仕事でチラシを作ったり、ホームページのデザインをしていると
「この部分は目立たせたい!」
という部分が出てきます。

そんな時に
「黒背景に白文字にして目立たせよう!」
と思うことがあります。

しかし、この反転文字(「抜き合わせ」とも呼ばれるようです)、
「読みにくくなる」
という理由で、使わない方がよいというのです。

チラシやホームページには「読まれる」ことが目的の一つですが
読みにくくなる 
 ↓
読まれない理由になる
 ↓
反応に結びつかない理由

になってしまうため、チラシやウェブ制作者にとっては知っておいて損な話ではないと思います。
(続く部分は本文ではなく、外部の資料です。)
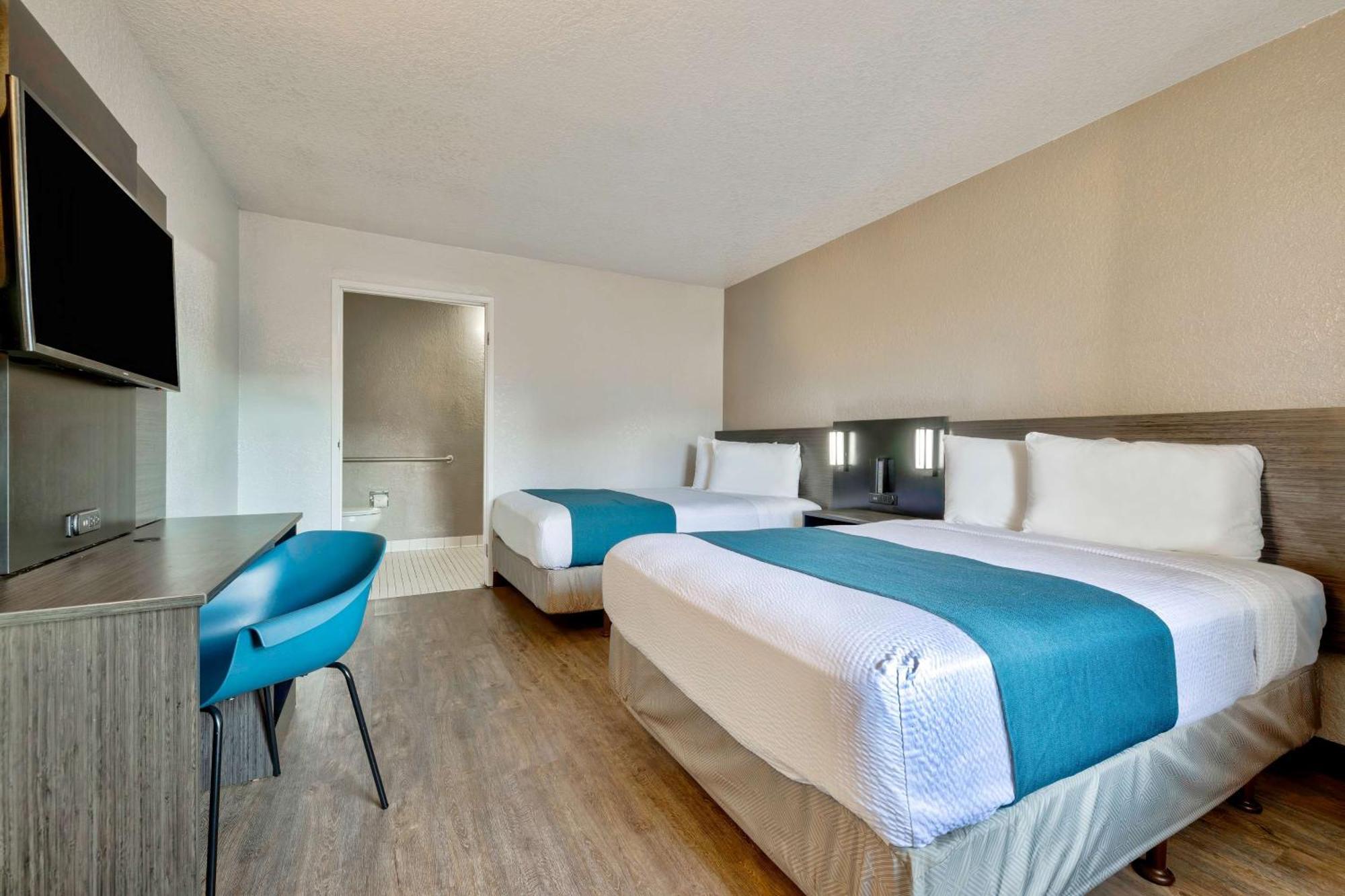 Motel 6-Anaheim, Ca - Fullerton East Екстериор снимка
また、宣伝広告に携わっていなくても、会社で何か文書を作る時に
「反転すると読みにくくなるんだっけ・・・」
と知っていれば、反転文字をあちこち使って「読みにくい」文章にしなくても済みます。

しかしなぜ「反転してはダメ」なのでしょうか?
では逆にどんな時に使うとよいのでしょうか?

今回はその理由を、心理的原則と実験結果による事実からお伝えします。

反転してはダメな理由

そもそも、私たち人間の目が
「反転した文字を読むことに慣れていない」
と言われています。

そのため、特に字が小さい場合は、なおさら読みにくくなります。

その事を裏付ける実験をした人がいます。

(実験1)ホームズ氏と「重大な66インチ」

G.ホームズ氏が以下の様な実験をした。

被験者を文字が読めない距離に立たせ、フォントサイズは同じにした2種類のボードを用意。「文字が読める距離になるまで近づいてください」と伝える。

【結果】

  • 白地に黒い文字で印刷したボード(反転ではない)・・・66インチ(約168cm)の所で読めた。
  • 黒字に白い文字で印刷したボード(反転)・・・55インチ(約140cm)の所で読めた。
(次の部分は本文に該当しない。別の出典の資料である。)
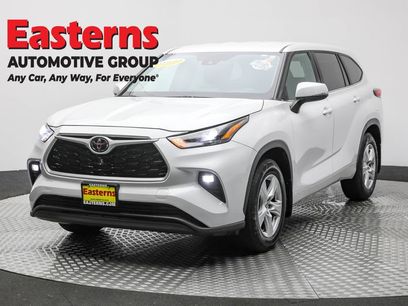 Used 2023 Toyota Highlander LE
この結果から、『反転すると読みにくくなる』という実験結果がでた。

「現代広告の心理技術101」より参照

(実験2)ダニエル・スターチ氏と目玉の動きの流れ

広告研究家のダニエル・スターチ氏が以下の様な実験をした。

「これを読んで!」と被験者に大きい声で伝え、短いメッセージを読んでもらう。

【結果】

  • 反転していない場合・・・被験者は1秒当たり平均6語ほど読む事ができた。
  • 反転した場合・・・被験者は1秒当たり平均4語ほど読む事ができた。

この結果から、『反転すると読むのが遅くなる』という実験結果がでた。

「現代広告の心理技術101」より参照

ではどんな時に使うと効果的なのか?

例えば・・・

  • ウェブサイトや新聞などで、他の広告にぎゅうぎゅうに囲まれているとき。
  • 大きな文字で短いヘッドラインを書くとき。

など、「同じような体裁のものが並んでいる時」や「パッと見て分かる大きな文字を使う場合」は、効果的に目立たせることができるようです。

まとめ

いかがでしたか?

文字を反転すると

  • 読みにくくなる。
  • 読むのが遅くなる。

ということが、実験で証明されました。

しかし、「反転が悪い」ということではありません。

変化のない書面に変化を付けたり、反転する事で逆に読みやすくなることもあります。

肝心なのは「読みにくくなる」という事実を知った上で、ポイントを絞って使う事だと思います。

より「読み易い」文書作りに、今回の内容を活かしていただければ嬉しいです。